A titolo esclusivamente personale ritengo poi che un altro tema che potrebbe essere affrontato sia la possibilità già prevista dalla norma di estendere le disposizioni previste dall’articolo 22 anche alle Pubbliche Amministrazioni. Certamente questa estensione alle PP.AA. della possibilità di adempiere all’obbligo, attraverso l’affidamento di commesse di lavoro a cooperative sociali, dovrebbe tener conto dei vincoli di trasparenza con cui le PP.AA. devono agire e, quindi, che l’individuazione della cooperativa affidataria avvenga attraverso una procedura di evidenza pubblica; ma sarebbe comunque una importante innovazione che faciliterebbe l’inserimento di un numero più levato di persone “difficili”.
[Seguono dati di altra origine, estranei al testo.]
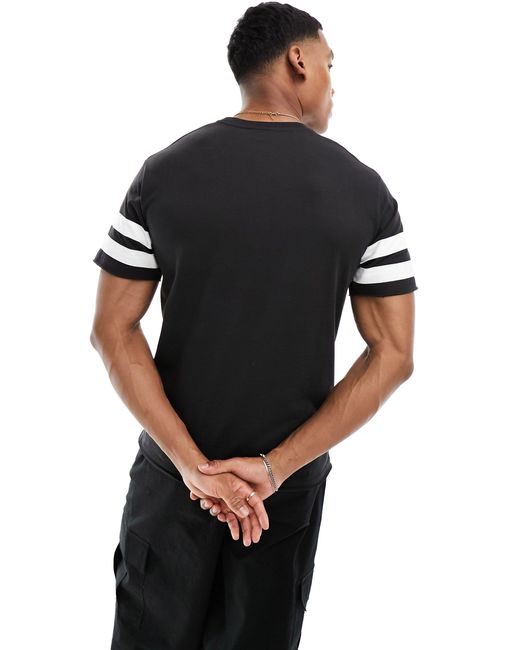 Camiseta negro lavado con diseño universitario slateno Ellesse de hombre de color Black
Ci può stilare un primo bilancio del lavoro che sta svolgendo l’Agenzia Emilia Romagna Lavoro?

Sinceramente è difficile; l’Agenzia ha fatto un lavoro straordinario di omogeneizzazione e standardizzazione di procedure amministrative e servizi; ha continuato a garantire alle persone e alle aziende un livello qualitativamente soddisfacente di servizi; ha introdotto elementi di grande novità nell’integrazione con l’insieme dei servizi territoriali (come nel caso dei dispositivi della legge regionale 14 e come le progettazioni personalizzate del Reddito di inclusione). Ora inizia a confrontarsi con le nuove disposizione (sinceramente complicate) del Reddito di Cittadinanza, ma ha dovuto anche affrontare una serie complessa di modifiche normative rilevanti che ci hanno complicato la vita.

Per esempio?

Ha gestito un passaggio delicatissimo relativo all’introduzione di percorsi di servizio alle persone disoccupate gestiti da un insieme di soggetti privati (la cosiddetta Rete attiva per il lavoro). Da un punto di vista strutturale dopo la fase di grandissima difficoltà che ha fatto seguito al passaggio dalle province al soggetto unico regionale sono stati fatti concorsi e acquisito nuovo personale e si è irrobustita anche la struttura centrale.

Quindi?

Se guardiamo al lavoro fatto in questi anni ne traiamo certamente un bilancio largamente positivo e i numeri dei monitoraggi annuali lo documentano ampiamente; ma non ho timore a dire che abbiamo ancora moltissimo lavoro da fare e dobbiamo migliorare su moltissimi fronti per essere all’altezza dell’idea che noi stessi abbiamo in mente del nostro ruolo e del nostro compito. Per fare questo c’è bisogno, un gran bisogno, di ascoltare tutti quelli che operano sul fronte dell’orientamento e dei servizi per l’occupazione, in particolare dell’accompagnamento all’inserimento lavorativo, per capire che cosa migliorare e che cosa fare meglio insieme valorizzando tutte le risorse disponibili sui territori.